I have a large male in the back yard in northern KY. It is good to know what it is.
By Samantha M.04/29/2012
We found some lizards like that in Indiana.
Just wanted to let you know that the two Broadheaded Skinks you have captured are both males. The females do not have the red face. Instead of breaking up a courtship as you thought, you most likely interrupted either a territory or mate dispute :) and I am very glad to hear that you turned them free after taking the photos. I have uploaded a male and female together which I took.
By brando thomas05/16/2010
I caught one that looks just like that. I saw my cat with it and took it from him. The red heads are male, and I think females have blue heads.
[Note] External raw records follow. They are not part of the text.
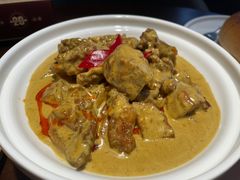 -千日贺茶餐厅(高新万达店)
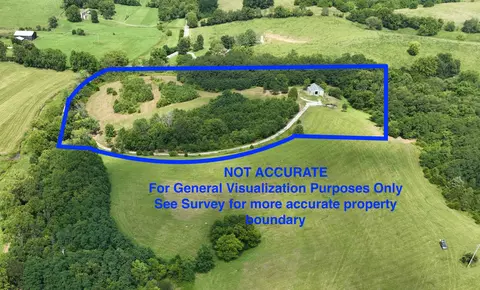 1 Levy Rd, Paris, KY 40361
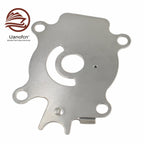 Water Pump Impeller Repair Kit for Suzuki DT55-DT65 (1978–1984) 17400-94701 18-3243
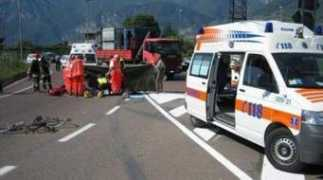 gazzettadelsud.it Militano
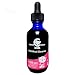 Cedar Bear Intestinal Cleanse for Kids a Liquid Herbal Supplement That Moderates The Environment of The Digestive System, Allowing Beneficial Flora to Flourish 2 Fl Oz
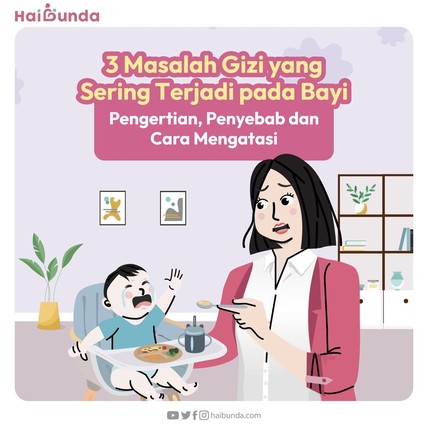 Detik Network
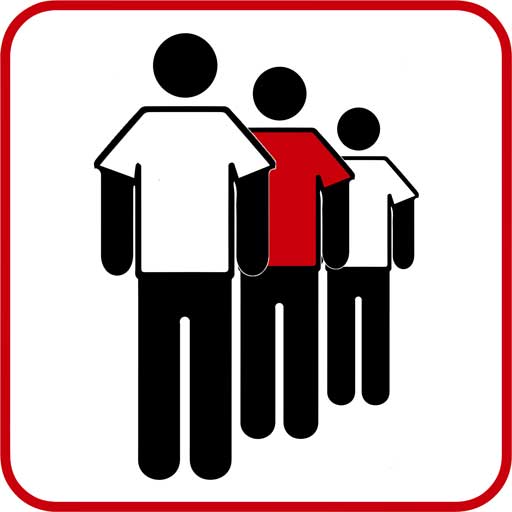 Personenschutz Saarland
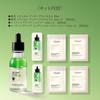 [WEB Exclusive Kit] L'OCCITANE Medicated Medical Anti-Hair Loss Serum 50mL [Quasi-drug] Hair Care Sachet Included Hair Growth Serum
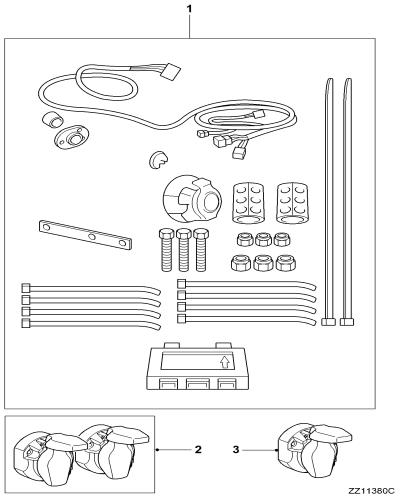 jaguar epc image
"Eumeces laticeps" is the formal name for this species. I too find that it is the broad headed skink. I love to try and check, and double check things, rather than just parrot what I heard someone say, or think it is because I saw one once. They do appear to be in full arousal, so it is good that they were returned to "work things out".
Very striking with those red heads. I've never seen
anything like them before. I think I would have
been afraid to do anything with them. I'm not
really afraid of the small green chameleons, but
these things look kinda fierce.
Interesting, I must admit.
I've lived in Florida off and on a few times in my life, but I've never run across anything that looks even remotely like these two. Since you've determined they are both males, it makes sense they were probably fighting over a female who
was off lurking on the sidelines somewhere watching.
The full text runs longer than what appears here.